Brad Smith: That’s really what caused us to shift the vision of Virb, because what we started doing was looking at how people are using Virb. What we had done was built a ton of social features, which nobody was using, but they were using our profile customization tools and our custom domain feature to basically build one page websites. We made it so easy to import Flickr photos and this was pre-Vimeo, but whatever video service was popular at the time. We made it easy to kind of aggregate all of your social content into this one very potentially good-looking page, if you chose a nice theme and you customize it nice.
Brad Smith: That’s really what drove us to pivoting the company and literally keeping the name the same, and emailing hundreds of thousands of users on the social platform, be like, “Guys, what we’re doing isn’t working.
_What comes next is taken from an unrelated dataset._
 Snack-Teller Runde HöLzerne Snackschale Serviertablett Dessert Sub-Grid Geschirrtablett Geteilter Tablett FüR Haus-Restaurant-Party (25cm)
It’s not working for us, and if it’s not working for us, it’s not gonna even be around that much longer.” What we did is we took what we saw customers truly using our platform for, and we said, “Let’s take that one element, and let’s turn that into a company,” and that is where we shifted and the p-word, pivoted, into Virb the website builder that still exists today.
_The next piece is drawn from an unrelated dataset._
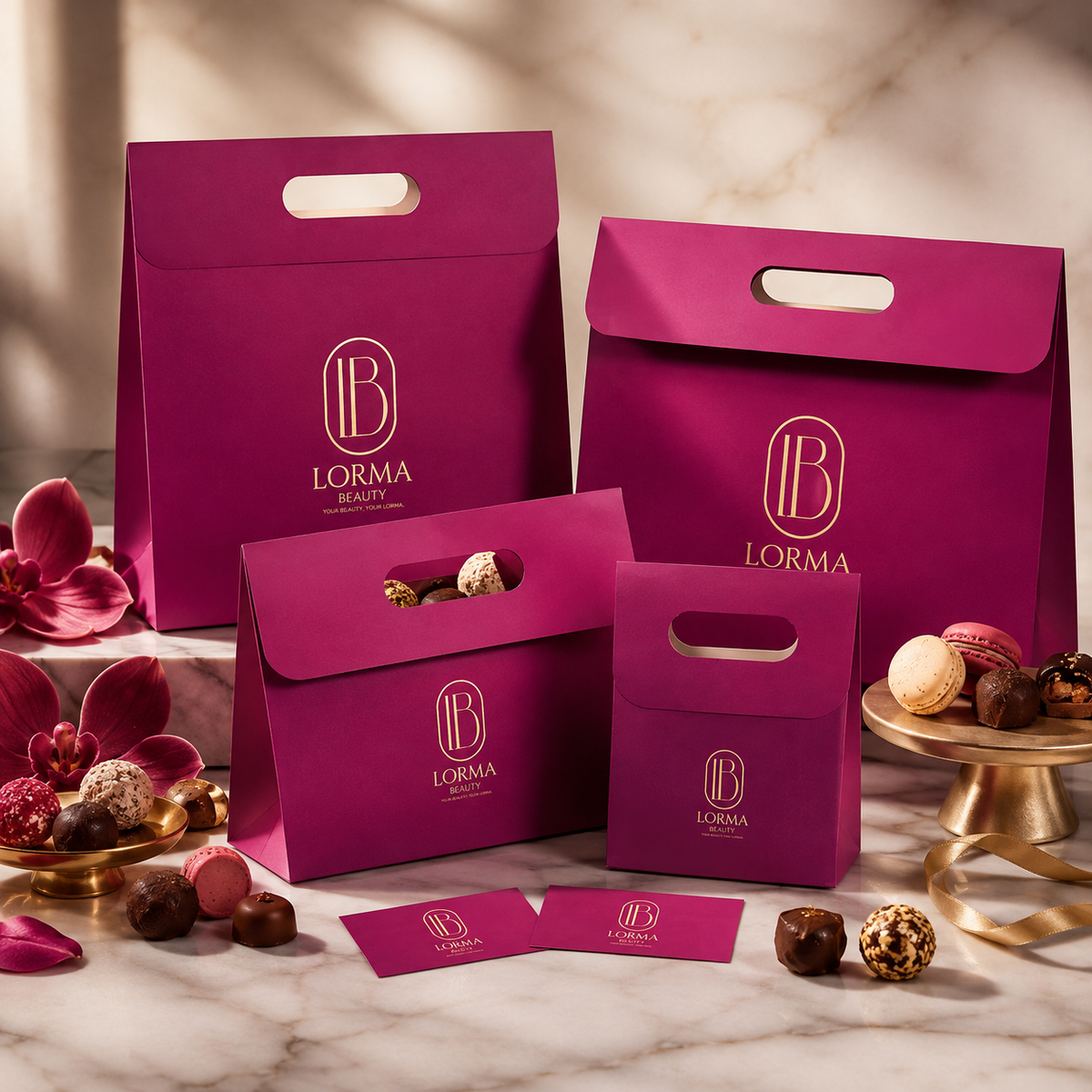 Custom Luxury Paper Gift Bags with Die-Cut Handles for Chocolate & Desserts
Josh Pigford: What was that like for you as the person who had created this thing initially as a social network to have to basically … you pivot it, right, to this separate thing. I mean, was that tough for you?
Brad Smith: It was, because I mean, in the pivot, looking back you can be like what we did was the best call, and it worked, but really what that meant was admitting failure. We lost. We went out there as a small, scrappy team of five people working on Virb and thought we could take on a Myspace, and then a Facebook, and then a Tumblr. There’s so many mistakes we made early on that if I had done things differently, I think the outcome could have been different, but also at the end of the day, I think everyone on the team, Ryan, Steven, we were kind of over the, “Let’s wake up every day and fight to have a social network.”
Josh Pigford: Right.
Brad Smith: ’Cause there was so many competitors out there and the space was moving so quickly that it really was like, “Let’s focus on a product that people need versus something that we’re trying to add value just so they’ll come and use.”
Josh Pigford: Did the whole sort of website builder idea excite you, or is it just more it excited you that you could have something that people wanted?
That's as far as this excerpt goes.